Alvarez is charged with 11 counts of murder with special circumstances and one count each of felony murder, train-wrecking and arson for his role in the Jan. 26, 2005, Metrolink crash that left 11 dead and 184 others injured.

“Juan is not a murderer,” his attorney Thomas Kielty said. “It’s about as clear a case as I’ve ever seen. There was no intent to kill, and there was no intent to commit train wrecking or arson.

“The only intent Mr. Alvarez had before he changed his mind was to kill himself.”

Scores of family members whose relatives were killed in the 2005 derailment sat in court Thursday.

“What happened here was an absolute tragedy,” said Kielty, facing the families before turning to the nine-woman, three-man jury. “But those heavy, emotionally laden feelings .?.?. have nothing to do with your jobs. Your job is to see if the government has proven these charges beyond all reasonable doubt — 100%. That’s a very high standard.”

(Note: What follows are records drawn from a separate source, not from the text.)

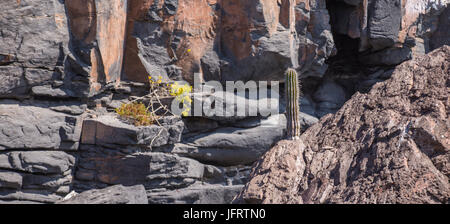 Meer der Cortes, Isla Espiritu Santo, La Paz Baja California Sur. Mexiko Stockfoto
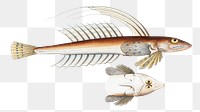 Gemmeous Dragonet png sticker, fish vintage illustration, transparent background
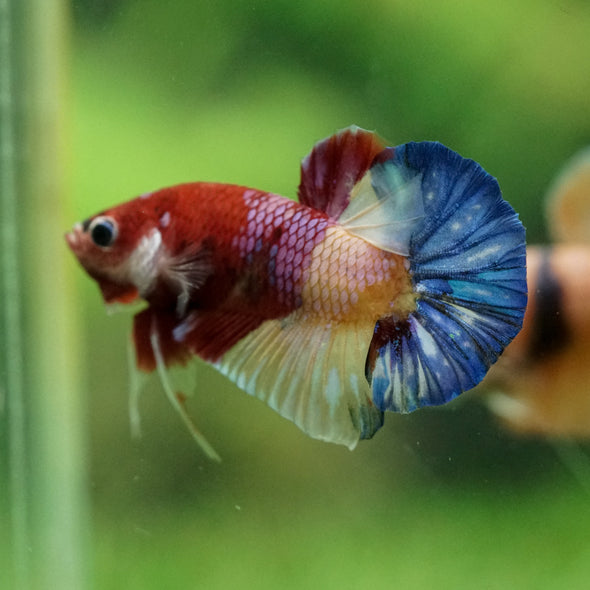 Multicolor/Galaxy Koi Plakat -11 weeks Old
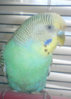 DSC00002.jpg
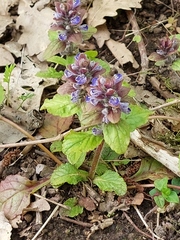Ajuga × hybrida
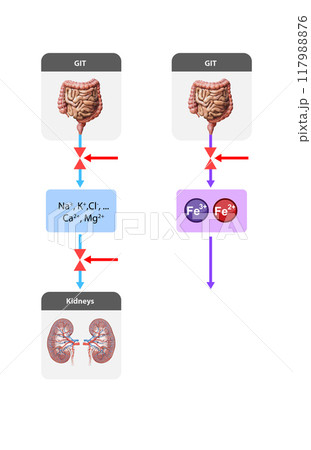 regulation of mineral and ion absorption Na , K , Cl , Ca , Mg and iron Fe , Fe in the gastrointestinal tract GIT and kidneys, highlighting inhibitory mechanisms that control their uptake. 2d graphic 117988876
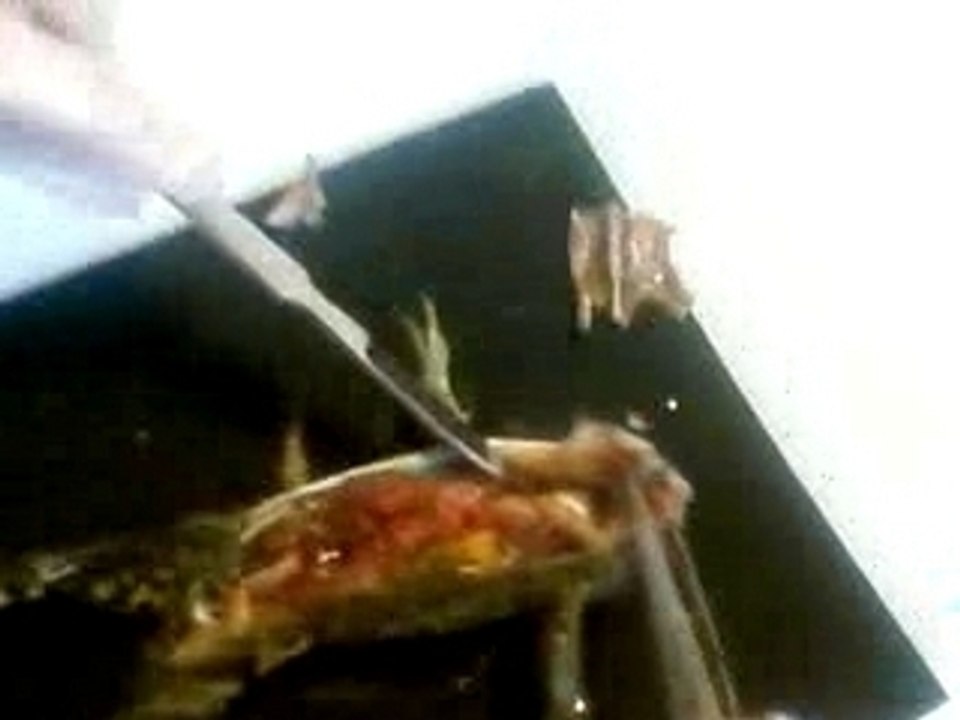 dissection
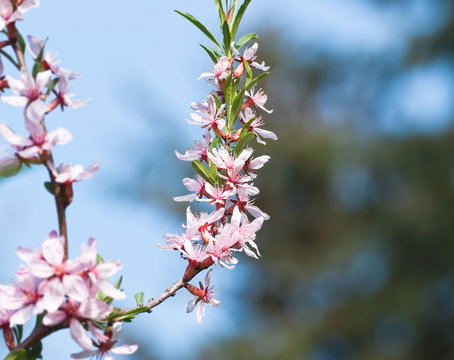 Flowers of the steppe almond (Prunus tenella)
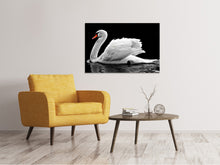 Load image into Gallery viewer, Canvas print The graceful swan
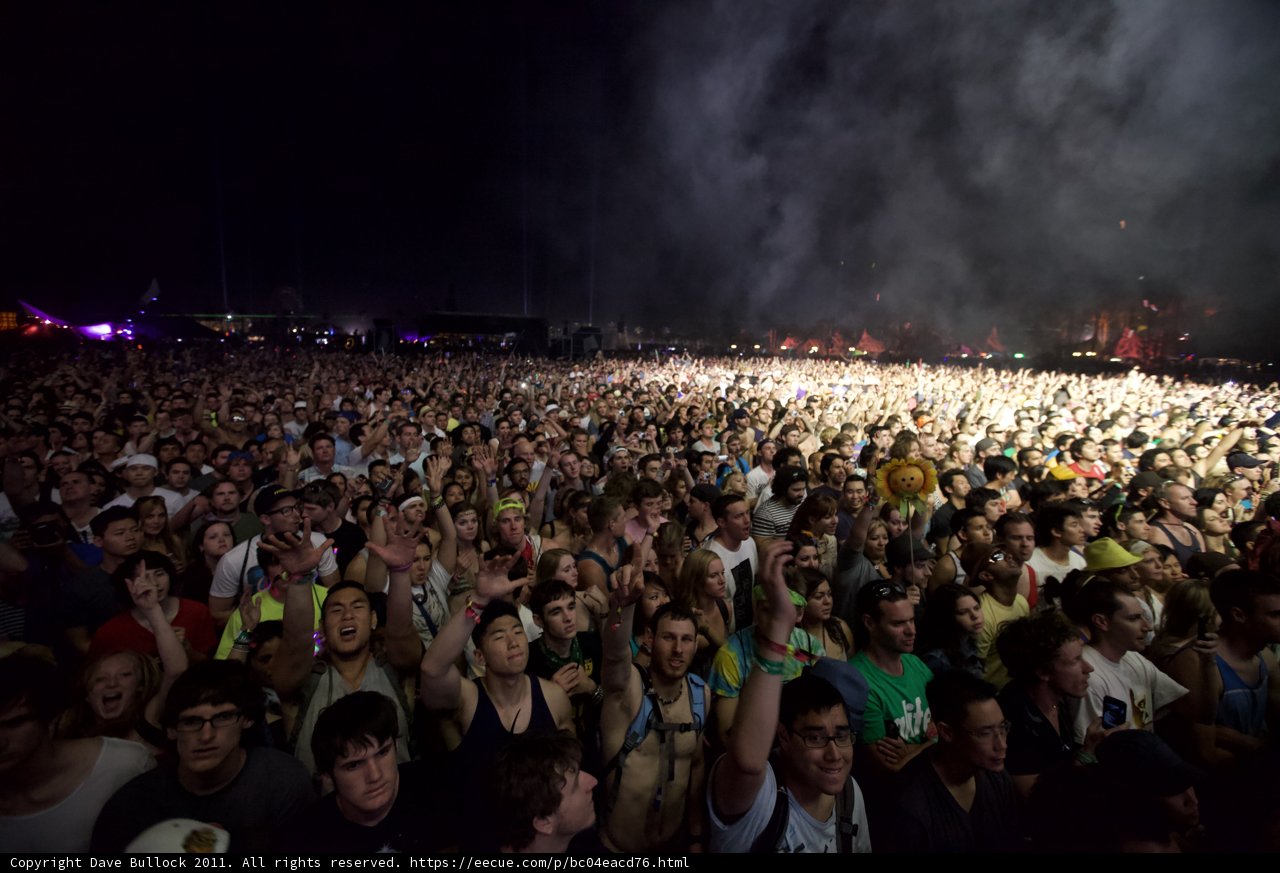 A Night Amongst the Crowd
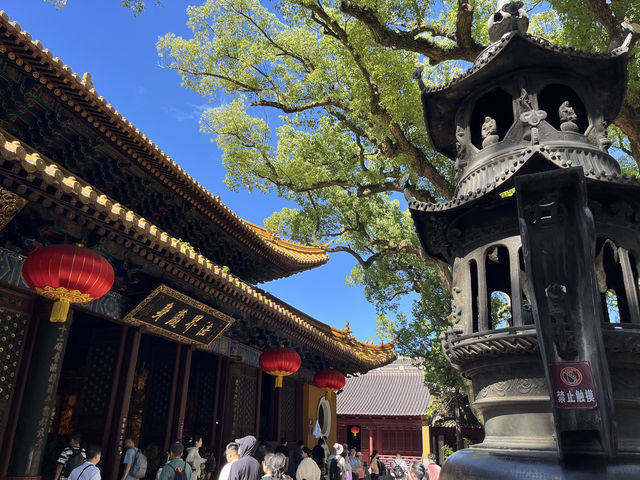 普陀山普濟寺：活大殿內照見本具圓通的心靈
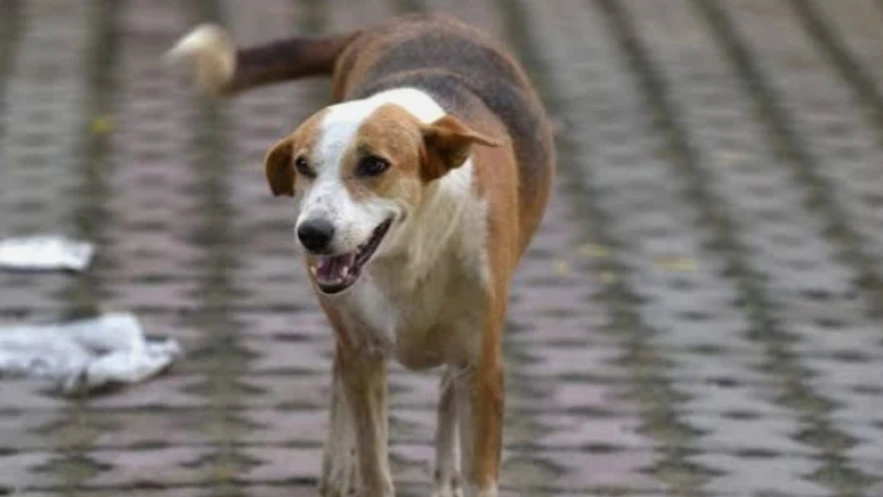 പുതുപ്പാടിയിൽ ആക്രമണം നടത്തിയ തെരുവുനായക്ക് പേവിഷബാധ സ്ഥിരീകരിച്ചു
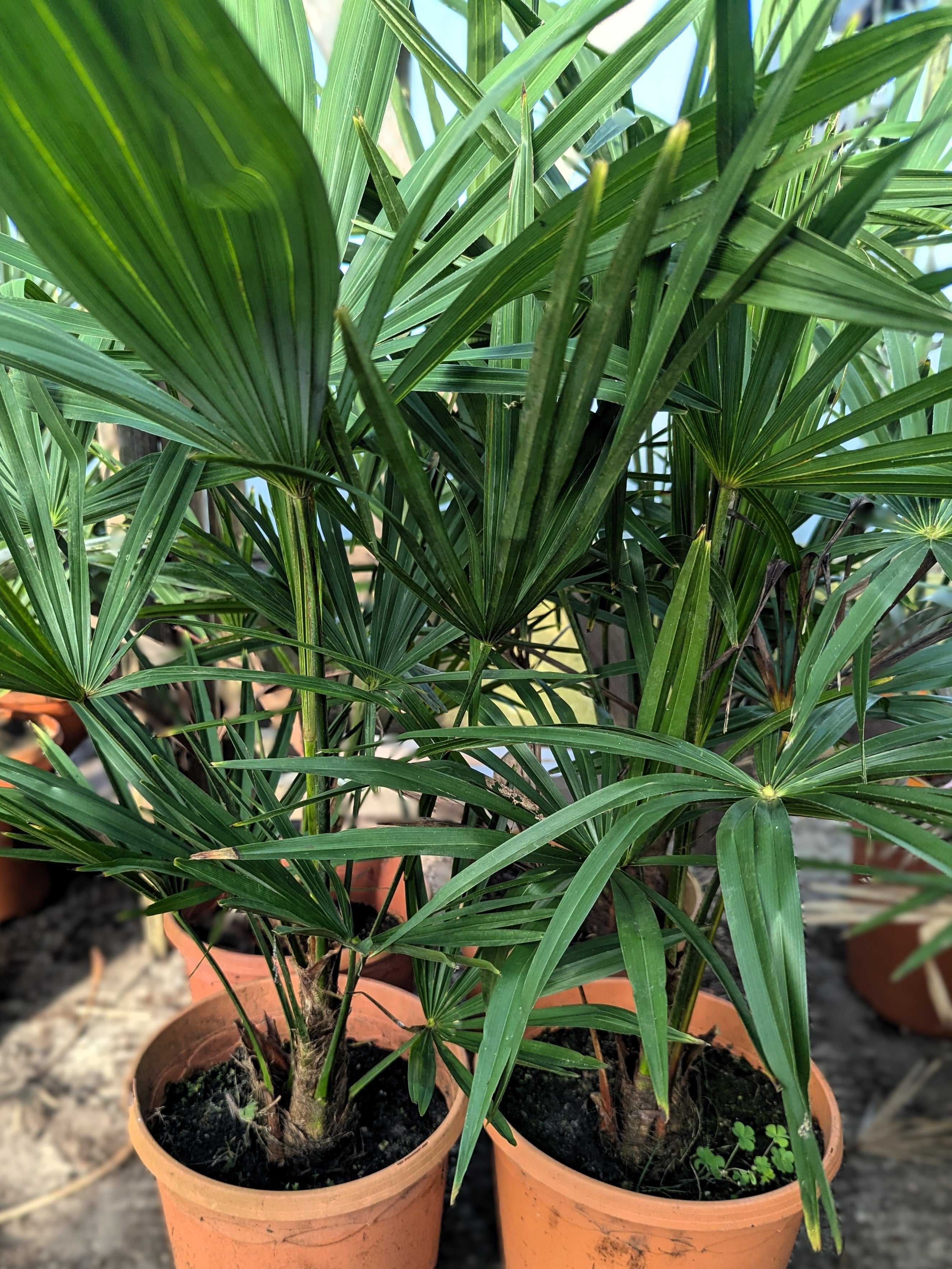 Trachycarpus Kumaon &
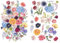 Joeyan Möbel Aufkleber, Blumenstrauß Rub On Sticker transferfolie für Kunsthandwerk, 2 Große Blume 42x30cm, DIY Home Decal auf Holz Glas Metall Porzellan Papier Kunststoff, blühende Blumen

Earlier in the day, prosecutors told jurors Alvarez had confessed to second-degree murder before the nearly eight-week trial began.

During an interview in jail with mental health expert Mace Beckson, Alvarez said he knew he was doomed when his Jeep Cherokee would not budge from the train tracks, Dist. Atty. John Monaghan said.

Alvarez told Beckson he “just sat there and decided to get hit by the train,” Monaghan said.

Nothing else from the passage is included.